→ DATA UNDER STUDY
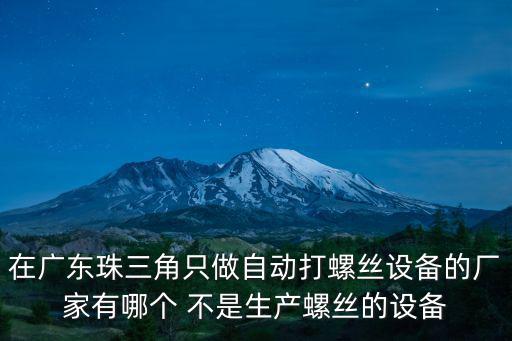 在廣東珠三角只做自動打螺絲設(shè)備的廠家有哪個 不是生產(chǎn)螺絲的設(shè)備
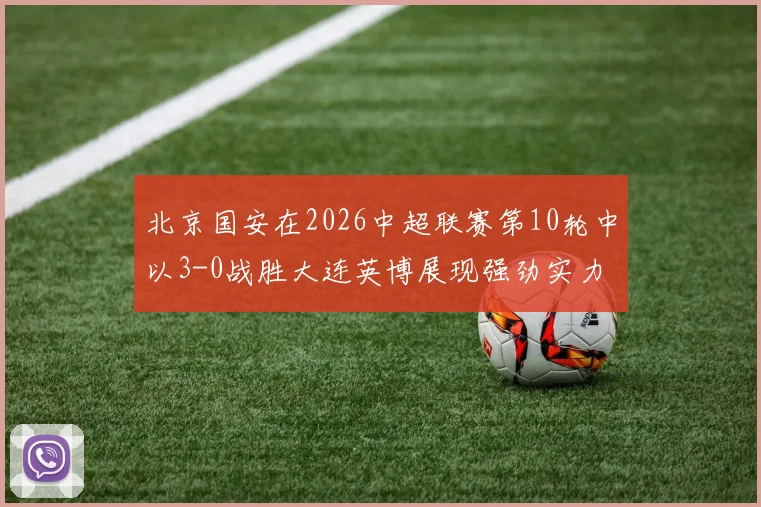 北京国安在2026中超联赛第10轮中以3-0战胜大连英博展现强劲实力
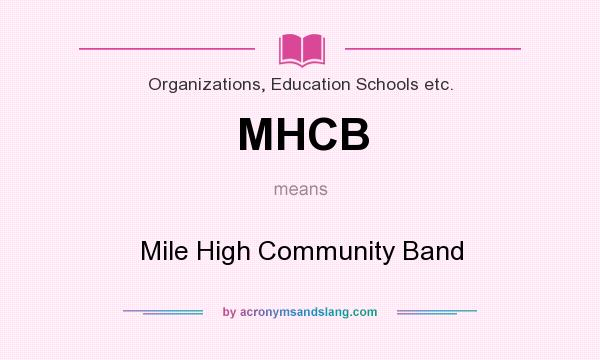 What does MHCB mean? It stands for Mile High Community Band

* * *

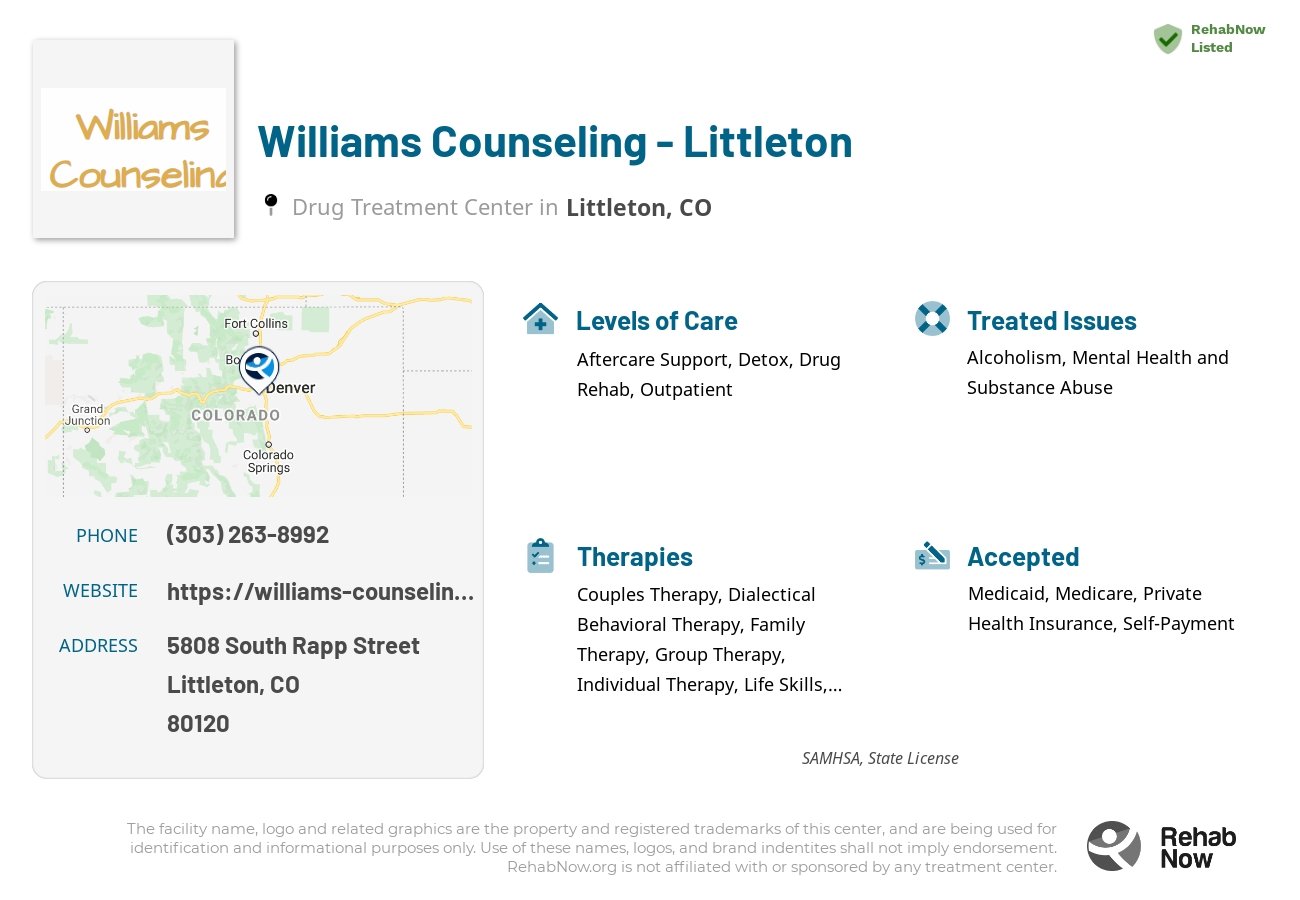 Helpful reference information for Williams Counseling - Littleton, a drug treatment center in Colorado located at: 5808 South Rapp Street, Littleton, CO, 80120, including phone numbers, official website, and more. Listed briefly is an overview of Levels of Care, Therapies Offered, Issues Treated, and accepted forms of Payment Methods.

→ WORK INSTRUCTION
Would you copy the lines above exactly, starting with the one that has "北京国安在2026中超联赛第10轮中以3-0战胜大连英博展现强劲实力" and ending with the one that has "What does MHCB", both included, without the pictures?

→ WRITTEN ANSWER
 北京国安在2026中超联赛第10轮中以3-0战胜大连英博展现强劲实力
 What does MHCB mean? It stands for Mile High Community Band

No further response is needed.